* [DATA BLOCK]:
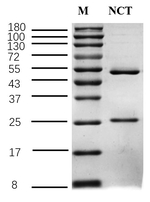 Nicotine Antibody in SDS-PAGE (SDS-PAGE)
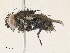  ( - CBG-A33519-H09)  @11 [ ] CreativeCommons - Attribution Share - Alike (2024) CBG Photography Group Centre for Biodiversity Genomics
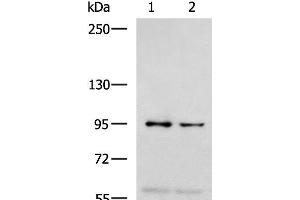 Western blot analysis of 293T and Jurkat cell lysates using NVL Polyclonal Antibody at dilution of 1:1000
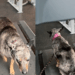 Cachorrinha cria estratégia genial para caminhar o mínimo possível na esteira e viraliza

* [ACTION ITEM]:
Keep the pictures out, and write out the rest of the data above word for word.

* [RESPONSE]:
 Nicotine Antibody in SDS-PAGE (SDS-PAGE)
  ( - CBG-A33519-H09)  @11 [ ] CreativeCommons - Attribution Share - Alike (2024) CBG Photography Group Centre for Biodiversity Genomics
 Western blot analysis of 293T and Jurkat cell lysates using NVL Polyclonal Antibody at dilution of 1:1000
 Cachorrinha cria estratégia genial para caminhar o mínimo possível na esteira e viraliza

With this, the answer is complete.